Conclusion: For several years when I was a practicing attorney, I seldom had clients who owned intellectual property assets. Later, I started to have clients who owned copyrights to text books they had written, a handful of inventors who held several patents that provided substantial royalty income to the owner through licenses of those patents, and a several retirees who had acquired interests in patents through their employment with corporations and universities. However,  what sensitized me the most to the value and ‘hidden’ aspect of  intellectual property interests in an estate was not so much those clients who held these unique property interests, but my reading of a 1990’s Tax Court decision, In re V.C. Andrews Estate, where the IRS successfully argued that the noted recently deceased author had to add another $1.0 million to her taxable estate simply because her’s was a well-known author’s name, i.e. her name alone was worth $1.0 million even though she was dead.
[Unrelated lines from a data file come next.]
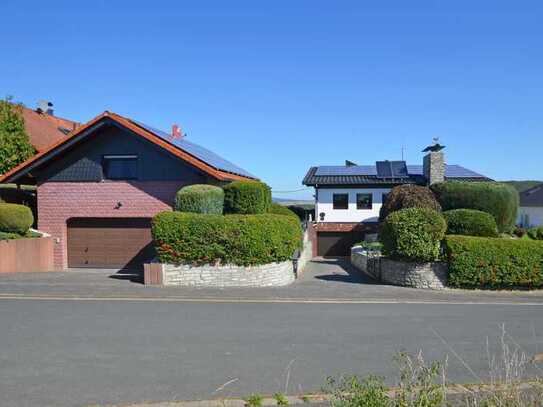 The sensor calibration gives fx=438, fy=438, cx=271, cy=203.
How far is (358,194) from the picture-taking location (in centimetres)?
2928

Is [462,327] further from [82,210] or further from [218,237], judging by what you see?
[82,210]

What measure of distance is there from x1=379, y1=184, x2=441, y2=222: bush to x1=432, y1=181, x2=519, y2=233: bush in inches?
→ 39.3

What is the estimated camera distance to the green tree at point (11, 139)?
19031 mm

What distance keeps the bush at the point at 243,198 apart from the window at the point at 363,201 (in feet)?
47.6

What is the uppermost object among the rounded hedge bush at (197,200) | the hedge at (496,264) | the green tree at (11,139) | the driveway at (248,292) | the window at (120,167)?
the green tree at (11,139)

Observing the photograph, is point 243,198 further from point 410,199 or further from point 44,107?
point 44,107

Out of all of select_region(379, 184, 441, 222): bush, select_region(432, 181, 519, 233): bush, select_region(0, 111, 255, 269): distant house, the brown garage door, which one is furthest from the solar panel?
select_region(432, 181, 519, 233): bush

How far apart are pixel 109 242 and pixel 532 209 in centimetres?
4700

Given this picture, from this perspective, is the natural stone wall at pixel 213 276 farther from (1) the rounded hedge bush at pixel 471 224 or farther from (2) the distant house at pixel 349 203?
(2) the distant house at pixel 349 203

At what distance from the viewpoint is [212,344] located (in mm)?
6914

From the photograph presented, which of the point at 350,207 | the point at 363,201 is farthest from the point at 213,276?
the point at 363,201

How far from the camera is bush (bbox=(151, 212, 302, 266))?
43.4 feet

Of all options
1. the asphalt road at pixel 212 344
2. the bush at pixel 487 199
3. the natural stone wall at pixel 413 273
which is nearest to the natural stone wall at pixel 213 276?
the asphalt road at pixel 212 344

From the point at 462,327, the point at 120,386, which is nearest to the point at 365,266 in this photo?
the point at 462,327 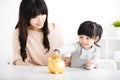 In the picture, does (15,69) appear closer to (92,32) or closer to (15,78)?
(15,78)

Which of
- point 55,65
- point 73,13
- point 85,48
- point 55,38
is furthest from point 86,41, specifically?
point 73,13

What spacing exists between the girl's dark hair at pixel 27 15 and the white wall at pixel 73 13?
161 centimetres

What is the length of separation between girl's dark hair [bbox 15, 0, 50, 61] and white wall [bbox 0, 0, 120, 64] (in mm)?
1613

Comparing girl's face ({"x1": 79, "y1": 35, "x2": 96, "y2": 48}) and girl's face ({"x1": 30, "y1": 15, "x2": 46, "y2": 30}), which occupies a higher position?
girl's face ({"x1": 30, "y1": 15, "x2": 46, "y2": 30})

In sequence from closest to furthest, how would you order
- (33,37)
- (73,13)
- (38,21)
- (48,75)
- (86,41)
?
(48,75)
(86,41)
(38,21)
(33,37)
(73,13)

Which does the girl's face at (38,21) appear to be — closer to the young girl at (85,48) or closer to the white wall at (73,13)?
the young girl at (85,48)

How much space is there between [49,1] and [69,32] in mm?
483

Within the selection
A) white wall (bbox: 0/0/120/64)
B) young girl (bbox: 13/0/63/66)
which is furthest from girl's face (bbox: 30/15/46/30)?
white wall (bbox: 0/0/120/64)

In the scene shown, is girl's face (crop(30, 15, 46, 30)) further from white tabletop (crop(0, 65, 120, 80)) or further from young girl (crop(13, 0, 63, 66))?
white tabletop (crop(0, 65, 120, 80))

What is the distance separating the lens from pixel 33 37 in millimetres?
2064

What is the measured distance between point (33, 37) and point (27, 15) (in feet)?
0.67

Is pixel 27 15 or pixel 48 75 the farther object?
pixel 27 15

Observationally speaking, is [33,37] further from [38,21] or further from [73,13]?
[73,13]

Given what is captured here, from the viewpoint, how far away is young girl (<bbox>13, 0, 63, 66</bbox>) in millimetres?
1899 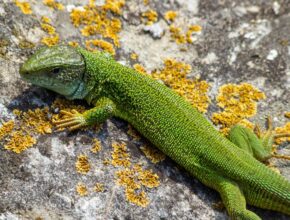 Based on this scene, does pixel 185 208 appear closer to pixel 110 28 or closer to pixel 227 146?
pixel 227 146

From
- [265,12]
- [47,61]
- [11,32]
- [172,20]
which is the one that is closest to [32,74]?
[47,61]

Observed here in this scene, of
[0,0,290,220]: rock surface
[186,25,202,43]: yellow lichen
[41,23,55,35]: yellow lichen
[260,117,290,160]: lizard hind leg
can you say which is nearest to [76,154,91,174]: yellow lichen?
[0,0,290,220]: rock surface

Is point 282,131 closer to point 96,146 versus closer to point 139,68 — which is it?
point 139,68

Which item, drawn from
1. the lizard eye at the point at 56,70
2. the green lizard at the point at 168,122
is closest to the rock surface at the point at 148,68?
the green lizard at the point at 168,122

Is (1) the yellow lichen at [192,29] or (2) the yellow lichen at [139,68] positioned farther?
(1) the yellow lichen at [192,29]

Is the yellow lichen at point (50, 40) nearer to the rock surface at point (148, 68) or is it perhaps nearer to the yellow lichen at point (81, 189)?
the rock surface at point (148, 68)

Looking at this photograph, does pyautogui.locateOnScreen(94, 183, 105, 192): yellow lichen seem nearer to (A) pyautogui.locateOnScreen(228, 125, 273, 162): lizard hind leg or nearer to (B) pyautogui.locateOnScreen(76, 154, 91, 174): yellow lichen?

The IRS successfully postulated that future books could be ghost-written after her death using her name which would result in more book royalties for her heirs. Ms. Andrews’ estate ended up paying about $500,000 more in estate taxes on a phantom asset that she, or her estate, did not even know existed at the time of her death. The moral of the Andrews story is that intellectual property rights, like photograph or baseball card collections often are part of a decedent’s estate, yet those assets tend to be overlooked as assets of exceptional value.